In what would be the largest job cuts in the company's history, Amazon plans to lay off around 10,000 people in corporate and technology jobs as soon as this week, according to people with knowledge of the matter.
The people, who spoke on condition of anonymity because they were not authorized to speak publicly, said the cuts would focus on Amazon's devices organization, as well as at its retail division and in human resources.
There are a lot of layoffs. Roughly 3 percent of Amazon's corporate employees and less than 1 percent of its global work force are hourly workers.
The souring global economy has put pressure on Amazon to trim businesses that have been overstaffed or underdelivered for a long time.
Amazon would be the latest technology company to lay off workers. The cap on cash compensation for its tech workers was doubled earlier this year.
The tech industry has seen layoffs due to changing business models. Last week, Meta, the parent company of Facebook andInstagram, announced it was laying off 11,000 employees, about 13 percent of its work force. Tech firms have laid off workers recently.
Brad Glasser wouldn't comment.
Amazon had its most profitable era on record as consumers and companies went online to shop. Amazon doubled its work force in two years and used the money to expand and experiment.

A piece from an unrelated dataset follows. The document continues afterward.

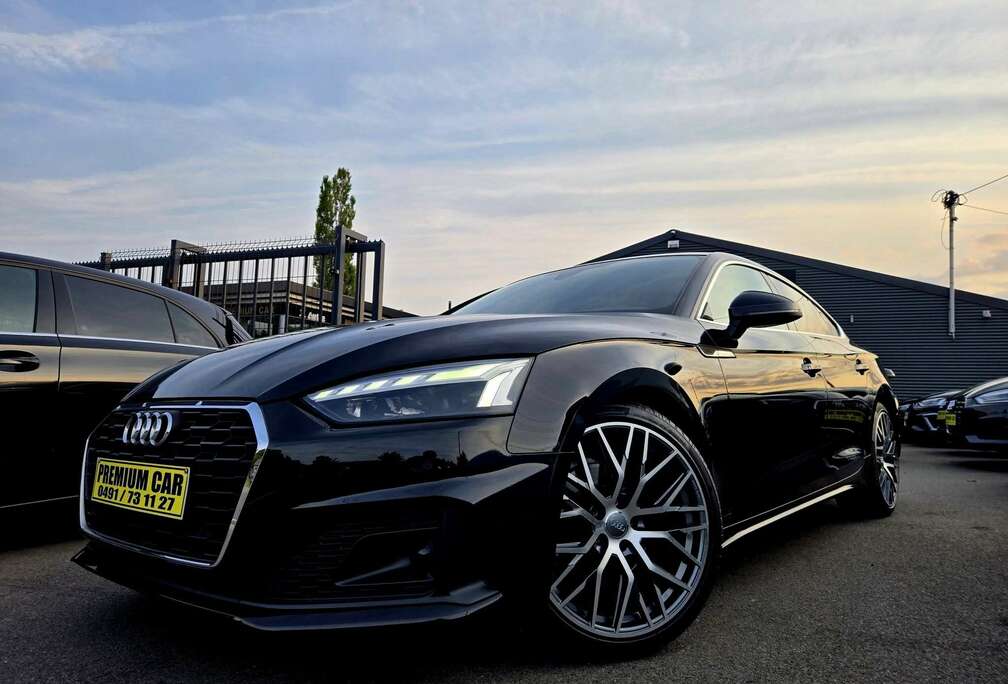 Audi A5*LOOK*SLINE*MATRIX*VIRTUAL*TOIT OUVRANT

Amazon's growth slowed to the lowest rate in two decades as the bullwhip of the epidemic broke. Changes in shopping habits and high inflation hurt the company's sales.

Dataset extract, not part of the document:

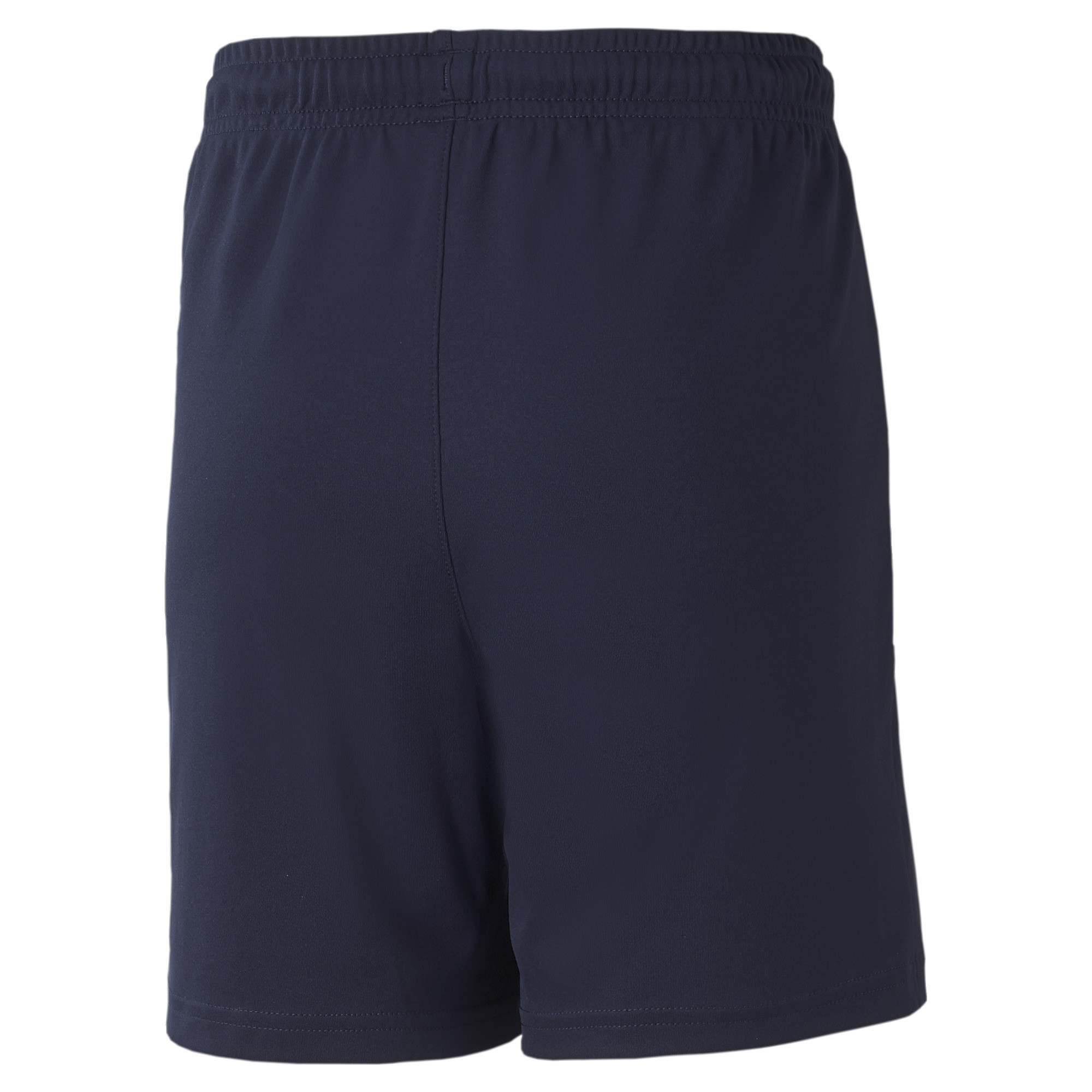 PUMA teamLIGA_Training_Shorts_Jr 657250 006 PEACOAT-PUMA WHITE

In its most recent quarter, Amazon showed a slight rebound. It has warned investors that growth could fall to its lowest level in a decade.
Wall Street was told by the company that it can tighten its belt again. Last week, Amazon executives met with institutional investors, just as the company's stock fell to its lowest level since the early days of the epidemic, wiping $1 trillion off its value.
Mr. Jassy used to run Amazon's lucrative cloud computing business. After pulling back on the warehouse expansion he moved to other parts of the company.
A number of initiatives, including Amazon Care, its service providing primary and urgent health care that failed to find enough customers, and Scout, the cooler-size home delivery robot, have been closed or scaled back in recent months.
It reduced its head count by almost 80,000 people over the course of a few months.
Several smaller teams were not hired by Amazon. More than 10,000 open roles were stopped in October. The cloud computing division of the company was put on hold for a few months.
According to a copy of the talking points seen by The New York Times, recruiters didn't get talking points for job candidates until almost a week after the news broke.
They have been seen as at risk for cuts. A top company priority was the creation of the leading voice assistant, which leaders thought could succeed mobile phones as the next essential consumer interface. In the last two years, Amazon doubled the number of engineers working on the devices. At one point, if an engineer got a job offer for other roles, they should also get an offer from the voice assistant.
Hundreds of millions of devices have been sold by the company The products are often low margin and other potential revenue sources have not caught on, according to Amazon.
A person with knowledge of the finances said that the companies lost $5 billion last year. When Amazon introduced new devices this fall in an annual event, it was more restrained than in the past, when it had featured items like a sticky note printer and a $1,000 home robot.
Amazon's retail business, which covers its physical and online retail business and its logistical operations, has been under strain after the surge of demand. The company has told investors that it is pulling back on expansion plans because of consumer uncertainty.
Brian Olsavsky, the finance chief, told investors last month that there were various factors that weighed on people's pocketbooks. He said that the company was not sure where spending was going, but that they were prepared for a variety of outcomes.